12 Eylül döneminde MHP Adana davasında yargılanan 204 kişiden biri olan Seyfi Atmalıoğlu, ihtilal sonrası Adana'da İdris Çelik'in öldürülmesi sebebiyle tutuklanıp
Ankara Mamak Cezaevi'ne konuldu. Askerî mahkemede yargılanan Atmalıoğlu, cinayetin işlendiği tarihte 'ruhsatsız
silah taşımak' suçundan Adana Cezaevi'nde tutuklu bulunduğunu belgeleriyle ispat etti. Ancak Sıkıyönetim Mahkemesi Hâkimi Ali Fahir Kayacan'ın da arasında bulunduğu mahkeme heyeti, bu durumu dikkate almadı. Askerî mahkeme gerekçeli kararını ilginç bir iddiaya dayandırdı: "Seyfi Atmalıoğlu, cezaevinden firar etmiştir, cinayeti işledikten sonra tekrar
akşam cezaevine dönmüştür." 7,5 yıl Mamak Cezaevi'nde kaldıktan sonra Adana'nın
Ceyhan ilçesindeki Özel Tip Cezaevi'ne getirilen Atmalıoğlu, 3,5 yıl da burada yatar. 11 yıl sonra MHP Adana davası
sivil mahkemelere geçer ve 11 yıl sonra
Yargıtay'ın durumu fark etmesinin ardından
beraat eder. Ali Fahir Kayacan ve cunta hâkimlerinin o dönemde emirle hareket ettiğini belirten Atmalıoğlu, "Kayacan da dahil olmak üzere cuntanın hâkim ve savcılarıyla, o dönem işkence yapan polislerle, Mamak ve 'C5'te işkence yapan askerî yetkililerle hukuk önünde hesaplaşacağız. 30 yıl sonra da olsa darbecilerin yargılanacağı günü iple çekiyorum." dedi.
12 Eylül 1980 darbesinin ardından aceleyle kurulan askerî mahkemelerin tamamen hukuk dışı, adaletten ve ahlaktan yoksun, talimatla hüküm verdiğini kaydeden Atmalıoğlu, "Dolayısıyla 'bugünden daha adildir' demek deli saçmasından ibarettir.

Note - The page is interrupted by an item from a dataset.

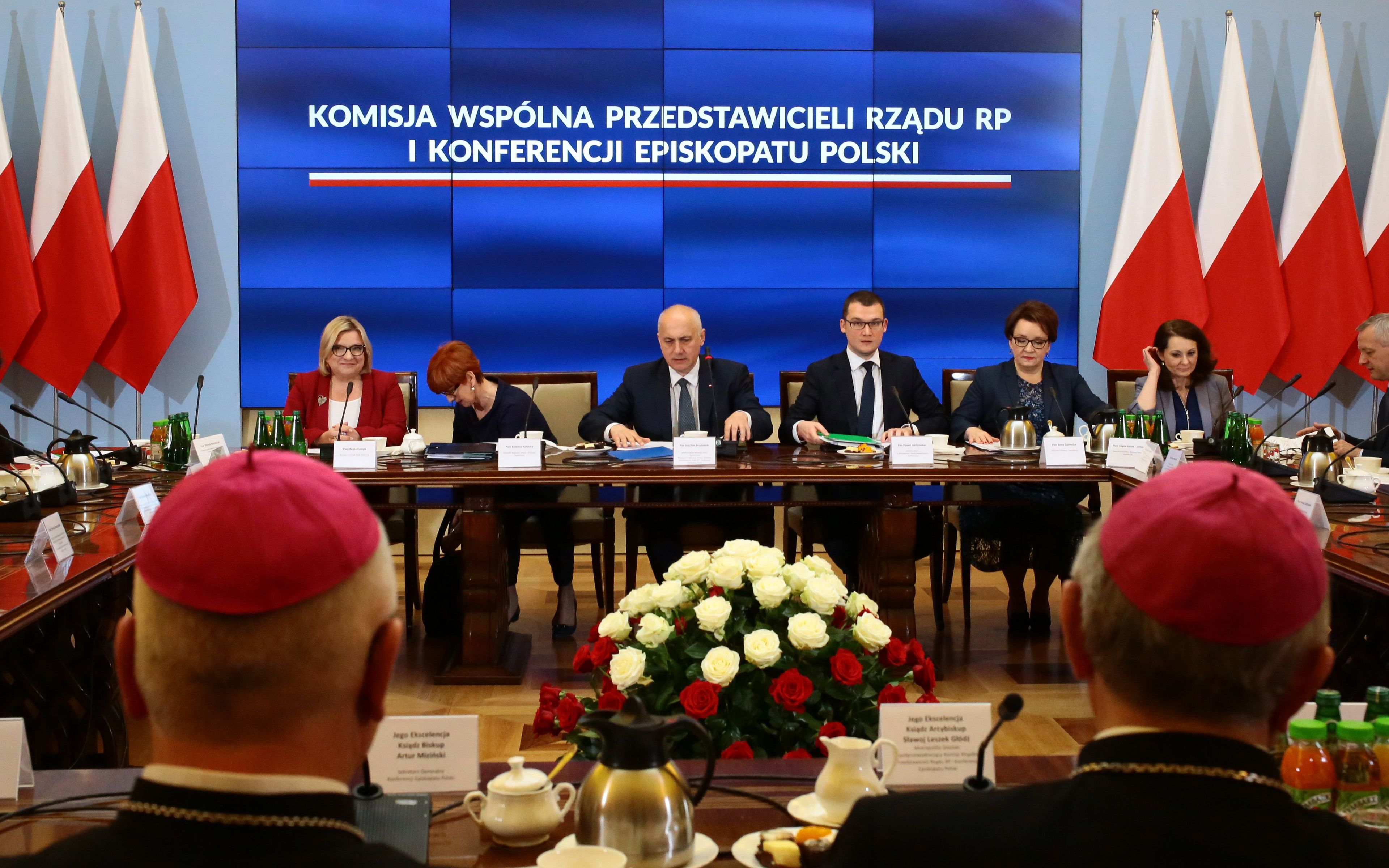 16.04.2018 Warszawa , KPRM . Minister w KPRM Beata Kempa (L), Minister rodziny , pracy i polityki spolecznej Elzbieta Rafalska (2L), minister spraw wewnetrznych i administracji Joachim Brudzinski (C), wiceminister spraw wewnetrznych i administracji Pawel Szefernaker (2P) i minister edukacji narodowej Anna Zalewska (P) podczas posiedzenia Komisji Wspolnej Przedstawicieli Rzadu RP i Konferencji Episkopatu Polski . 
Fot. Agata Grzybowska / Agencja Gazeta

Ali Fahir Kayacan,
Muhsin Yazıcıoğlu'na
iftira atıyor. Mamak Askerî Cezaevi'nin içerisinde bulunan 'C5'te nasıl işkenceler yapıldığını, kimlerin işkence anında öldüğünü Kayacan bilmektedir. Kayacan, eğer Türk milletiyle yüzleşmek istiyorsa vicdanının sesine uyup tüm gerçekleri açık bir şekilde anlatmalıdır. Darbecilerin kurdurduğu mahkemeler hiçbir delile bakmadan hüküm veriyorlardı.
İdam edilen
Mustafa Pehlivanoğlu ve Ali Bülent Orkan'ın arşivlerden çıkarılacak dosyaları her şeyi gün yüzüne çıkartacaktır. Ali Fahir Kayacan, bu arkadaşlarımızın idamını onaylayan bir cunta hakimidir. Birçok gerçeği gizlemektedir." dedi. Askerî mahkeme tarafından 7,5 yıl yargılamasının sürdüğünü ve bu süre zarfında tutuklu kaldığını belirten Atmalıoğlu, "Mamak Cezaevi'nde her gün yüzlerce cop yiyorduk. Günde 12 saat boyunca dayak yediğimiz zaman oldu. Mahkûmlar elektrik verilir, falakaya yatırılırdı. Psikolojik işkenceler de yapılıyordu. Bir
elma için 'Elma yiyebilir miyiz komutanım?' diye izin istiyorduk." dedi.
12 Eylül askeri darbesini yapanlara yargı yolunun açılmasını tarihî bir dönemeç olarak gördüğünü vurgulayan Seyfi Atmalıoğlu, "Yargılama kararı, devlet ve milletin barışmasına vesile olacak. Çocuklarımızın geleceği için darbecilerin mutlaka yargı önüne çıkıp hesap vermelerini biz ülkücüler canı gönülden istiyoruz." dedi.